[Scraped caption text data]
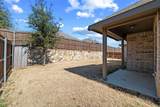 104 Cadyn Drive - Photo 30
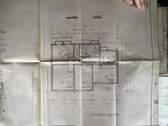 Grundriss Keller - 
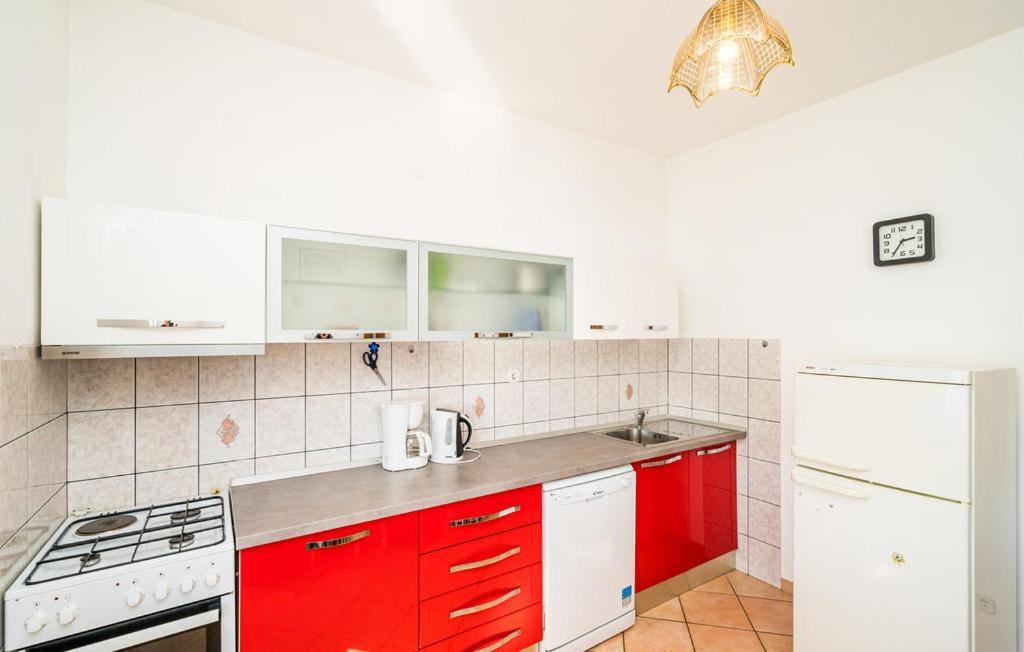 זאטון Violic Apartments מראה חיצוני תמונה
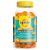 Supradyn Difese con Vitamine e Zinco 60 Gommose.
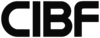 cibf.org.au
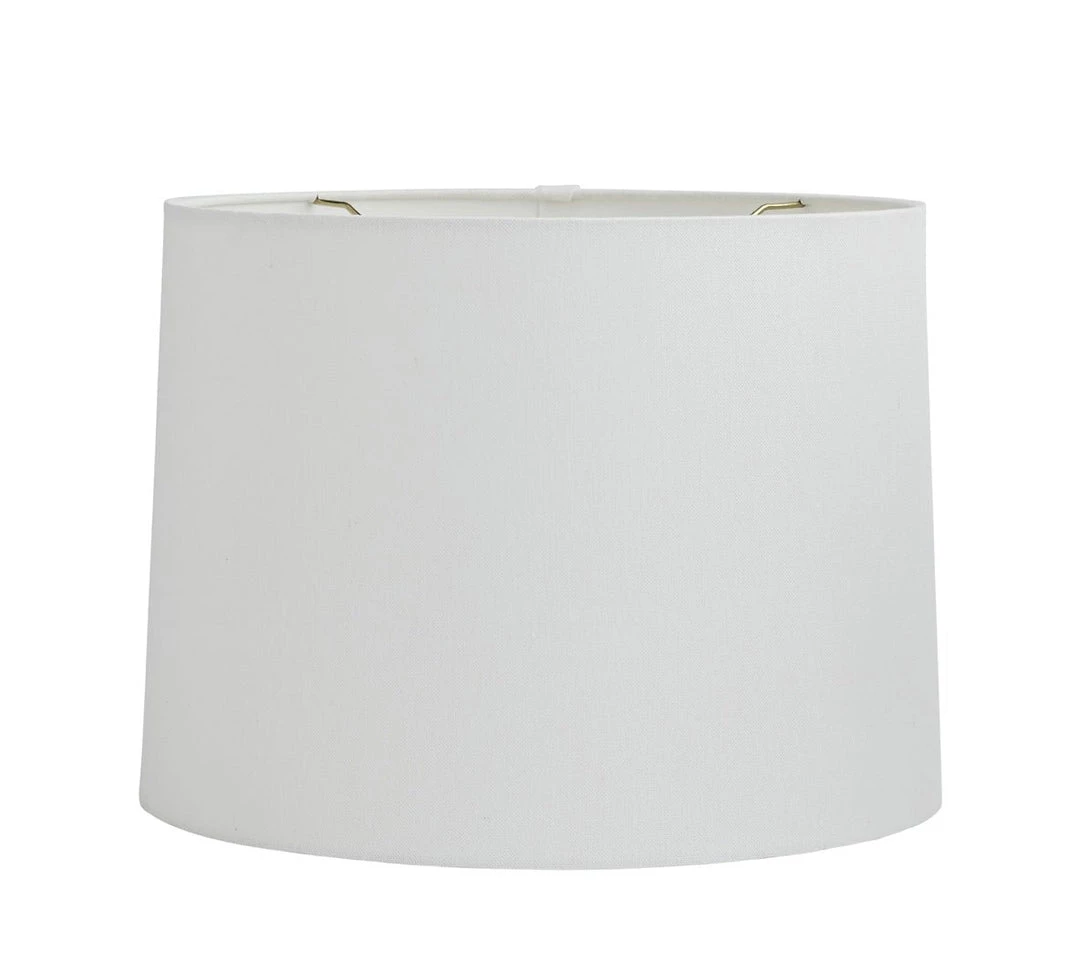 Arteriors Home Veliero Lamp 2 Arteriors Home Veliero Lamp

■ Work to be completed: All records, pictures excluded: copy them exactly.

■ Answer:
 104 Cadyn Drive - Photo 30
 Grundriss Keller - 
 זאטון Violic Apartments מראה חיצוני תמונה
 Supradyn Difese con Vitamine e Zinco 60 Gommose.
 cibf.org.au
 Arteriors Home Veliero Lamp 2 Arteriors Home Veliero Lamp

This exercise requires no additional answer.